1. “When there is apparently dispositive precedent, an appellant may urge its overruling or distinguishing or reserve a challenge to it for a petition for certiorari but may not simply ignore it. We don’t know the thinking that led the appellants’ counsel in these two cases to do that. But we do know that the two sets of cases out of which the appeals arise, involving the blood-products and Bridgestone/Firestone tire litigations, generated many transfers under the doctrine of forum non conveniens, three of which we affirmed in the two ignored precedents. There are likely to be additional such appeals; maybe appellants think that if they ignore our precedents their appeals will not be assigned to the same panel as decided the cases that established the precedents. Whatever the reason, such advocacy is unacceptable.
A. “Our Rules of Professional Conduct prohibit discourteous and uncivil behavior toward any person involved in the legal system, including ad hominem attacks on opposing counsel.” PFW, Inc. v. Residences at Little Nell Dev., LLC, 2012 COA 137, ¶ 45. See also Keim v. Douglas Cty. Sch. Dist., 2015 COA 61, ¶ 32 (“Disagreement-even vehement and vigorous disagreement-with a trial court's rulings and with the arguments of an opposing party and counsel are, of course, part and parcel of any litigation matter. Nonetheless, we expect such disagreements to be civil and respectful. The use of rhetoric like that cited above is unpersuasive and unhelpful.”); State ex rel. Coffman v. Vaden Law Firm LLC, 2015 COA 68, ¶ 26 n.9 (“Sarcasm directed at another party has no legitimate place in an appellate brief.”); Martin v. Essrig, 277 P.3d 857, 860 (Colo. App. 2011) (“Such rhetoric hinders the court in deciding the merits of the appeal; we must waste judicial resources hacking through the verbal brush to uncover the substance (if any) of the arguments. It also disserves parties and debases both the legal profession and the judicial system.”).
B. Steven L. Bernard, The Obligation of Attorneys to be Civil on Appeal, 38 Colo. Law., Jan. 2009, at 49); Stuart C. Markman, Responding to Appellate Lawyers Who Cross the Line, 32 Stetson L. Rev. 425 (2003)

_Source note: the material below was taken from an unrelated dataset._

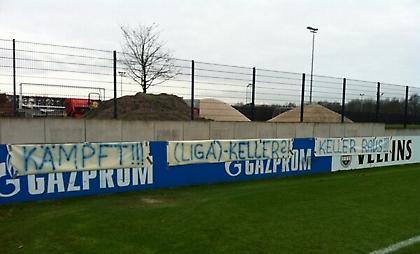 «Κέλερ… raus»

VII. Judicial and Legal Officials
A. “To use a colloquialism, ‘You can think it, but You better not say it.’” Vanderberghe v. Poole, 163 So.2d 51, 52 (Fla. Dist. Ct. App. 1964) (Rawls, J., specially concurring).
B. See generallyAnno., Attorney’s Criticism of Judicial Acts as Ground of Disciplinary Action, 12 A.L.R.3d 1408; Brian G. Liegel, A Higher Bar: The Search for Restrictions on Attorney Criticism of Judges on Blogs, 27 Geo. J. Legal Ethics 689 (2014); Margaret Tarkington, Free Speech Right to Impugn Judicial Integrity in Court Proceedings, 51 B.C. L. Rev. 363 (2010); Steven Wistoky, Incivility and Unprofessionalism on Appeal: Impugning the Integrity of Judges, 7 J. App. Prac. & Process 303 (2006); Douglas R. Richmond, Appellate Ethics, Truth, Criticism, and Consequences, 23 Rev. Litig. 301 (2004).
C. In re Green, 11 P.3d 1078, 1083-87 (Colo. 2000)(discussing First Amendment limits on disciplining an attorney for criticizing a judge); Martin v. Essrig, 277 P.3d 857, 861 n.5 (Colo. App. 2011) (“Tenant’s opening and reply briefs also contain statements which, viewed in context, could be regarded as attacking (without any articulated foundation) the district court's integrity. We caution litigants that such attacks are inappropriate.”).